Ensuite, le dirigeant doit rester focus sur ses objectifs et son plan de développement afin de faire les arbitrages qui s'imposent au moment qui s’impose. C’est sans aucun doute le processus le plus difficile à respecter pour le dirigeant. Mais il est de loin de loin le plus important. Sans focus sur les objectifs du plan de développement, c’est la stagnation, voire les difficultés qui s'invitent. Pour le dirigeant, c’est le risque d’être à nouveau happé par le quotidien et les difficultés opérationnelles multiples liées au non-respect de la stratégie et du plan, à l’absence de focus, et de délégation des responsabilités.
Anticiper en se donnant la capacité d’écouter les signaux faibles
Second point : le dirigeant doit accepter d’écouter les signaux faibles. Dès lors qu’un événement qui, en temps normal, lui serait apparu anodin et gérable crée chez lui un sentiment de panique et semble insurmontable, aussi mineur soit-il, il doit réagir.
Comment ?
- Première piste : en aménageant son emploi du temps pour avoir des temps de respiration et de prise de recul face aux problèmes – peu importe l’objet de ces soupapes (sport, culture, méditation, retraite spirituelle, voyage...).
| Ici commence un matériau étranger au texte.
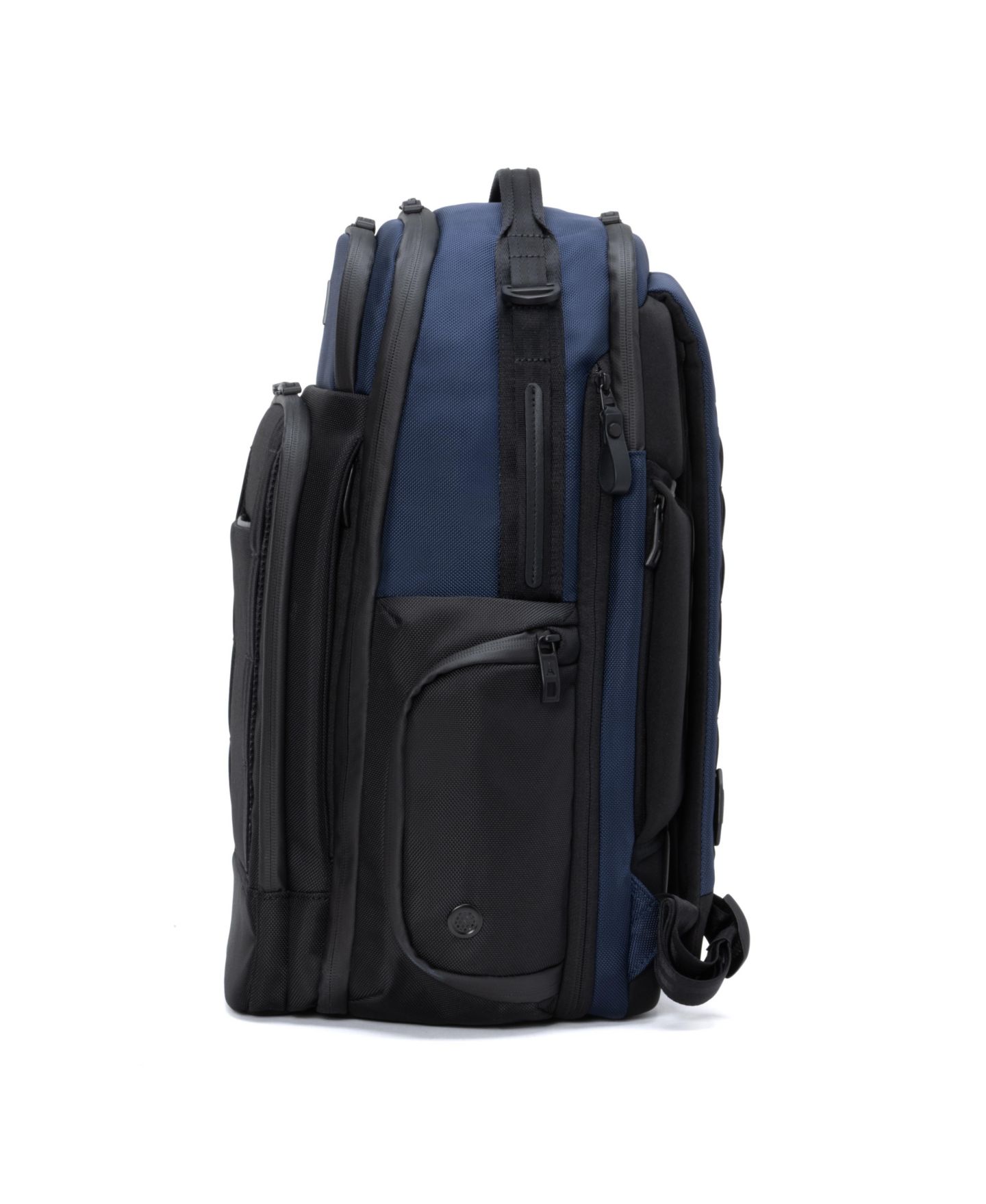 Рюкзак Travelpro Altitude Large Expandable Travel Laptop, цвет: Тёмно-синий — фото 5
- Deuxième piste : en étant attentif à sa santé et en réfléchissant à une assurance qui prendra le relais financier en cas de soucis de santé physique ou psychologique pour que l’absence n’ait pas d’incidence sur les charges dues (ex. indemnités journalières, assurance type « homme-clé »).
- Troisième piste : en s’appuyant sur des partenaires qui vont l’aider concrètement, certains sur les aspects personnels (coachs, mentors, médecins...), et d’autres sur les aspects business (operating partners). Par exemple, un operating partner va travailler avec le dirigeant et copiloter l’entreprise en s’appuyant sur sa propre expérience de chef d’entreprise et en s’engageant sur des résultats. Sans le déposséder de son rôle à la tête de sa société, il va l’aider dans ses prises de décision, la structuration et la conduite opérationnelle des opérations prévues dans le plan stratégique, la définition et l’ajustement des indicateurs de performance, le management et la mobilisation des équipes, en tenant compte de son état de santé et en relativisant ce qui doit et peut l’être.
Les défis des entreprises et entrepreneurs français pour 2023 sont gigantesques dans un environnement business où la visibilité reste toujours aussi faible. Pour tenir, assurer la pérennité de leurs entreprises et se projeter dans l’avenir, les dirigeants n’auront d’autre option que d’accepter de lâcher du lest et, pour se faire, d’ajuster leur organisation opérationnelle et de s’appuyer sur des partenaires. La corde est déjà très tendue, il suffirait de très peu pour qu’un surplus de charge mentale la fasse céder. Il est donc urgent de faire de la santé mentale des dirigeants des PME une priorité. Leur charge est parfois bien lourde à porter, et leur résilience conditionne la pérennité de 146 000 PME françaises et l’emploi des 4 millions de salariés qui les composent.